At first glance, Cardinal George's dire prophesy seems misplaced. It's hard to imagine Catholic martyrs in America.

But to deny it is to deny history. Every process of radical secularization has been a martyr-factory. Revolutionary France, Bolshevik Russia, revolutionary Mexico, Republican Spain, Maoist China, the Khmer Rouge's Killing Fields, North Korean Juche have all been anti-Christian (particularly anti-Catholic) meat-grinders. Never forget that the Supreme Court justice who authored our modern unconstitutional doctrine of "church-state-separation" began his legal and political career with the enthusiastic defense (on behalf of the KKK) of a man who murdered a Catholic priest in cold blood.

Radical secularism is a bloody process, everywhere and always.

We are getting stirrings of it now, with an increasingly totalitarian twist among mongers of atheism and its eddies-- particularly gay-rights fascism.

We Christians are too accepting of what is happening to our country. Our freedoms will not survive the banishment of our Creator, who is the endower of all of our rights, and without whom no rights or decency can survive. 

14 comments:

  1. 'But to deny it is to deny history'

    You keep on proving that you're clueless about history.

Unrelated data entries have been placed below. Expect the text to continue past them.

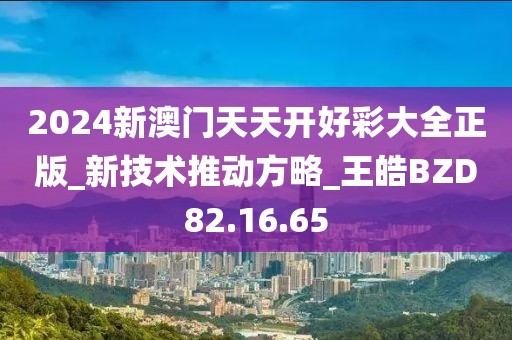 2024新澳门天天开好彩大全正版_新技术推动方略_王皓BZD82.16.65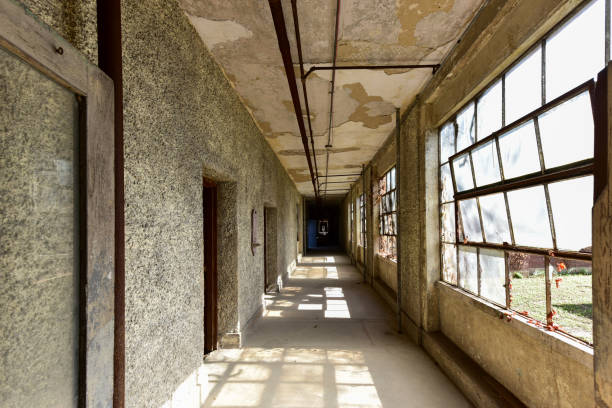 istock Ellis Island Immigrant Hospital 1133702284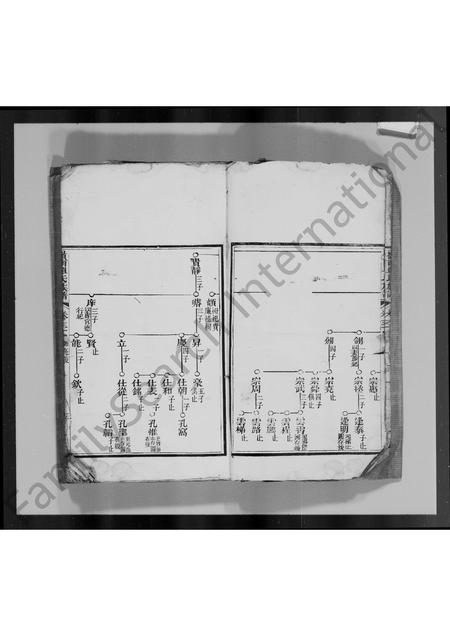 广东单氏族谱-岭南单氏十修族谱 [残卷].pdf电子版插图3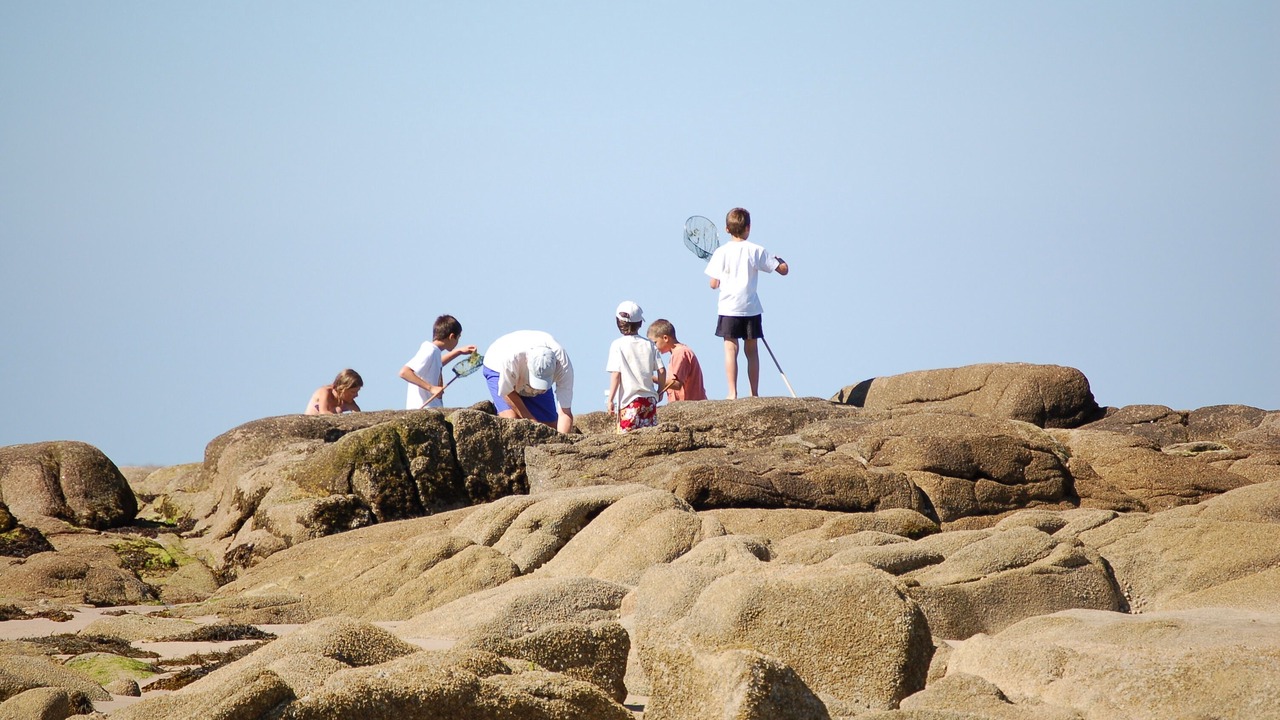 Photo of Others in Anneville-en-Saire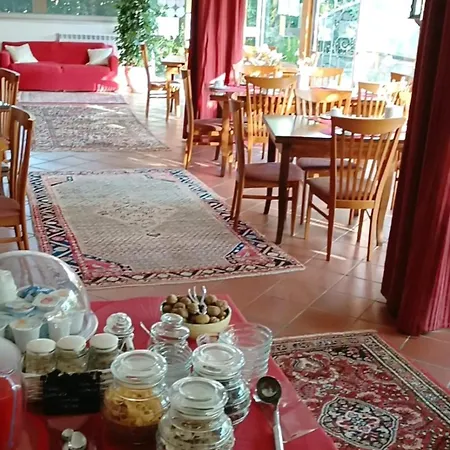 Le Vedute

    China, Cambodia and (North) Korea weren't Christian countries, let alone Catholic, so any anti-religious campaigns wouldn't have been significantly anti-Christian, let alone anti-Catholic. Nor would it have provided many, if any, Catholic martyrs.

    Russia similarly was Orthodox, not Catholic.

    The common feature in the examples you provide of 'radical secularisation' is that they occurred in countries without preceding functioning democracy following violent disruption due to war.

    In Republican Spain, the war was the result of conservative and clerical Spaniards not liking democracy taking root and reducing the conservatives' power to keep the general population ignorant and poorly educated.

    Nothing similar will ever happen in America, because it has a robust democracy. It managed to survive the Civil War, with its radical upheaval, and even managed to hold elections while the war was being fought.

    Countries manage to keep their human rights and freedoms if their public institutions are strong enough - not because there's lip service given to a non-existent deity.

    ReplyDelete
    Replies
    1. Adm. G Boggs, Glenbeckistan NavyFebruary 16, 2014 at 8:48 AM

      barkmad: "Countries manage to keep their human rights and freedoms if their public institutions are strong enough..."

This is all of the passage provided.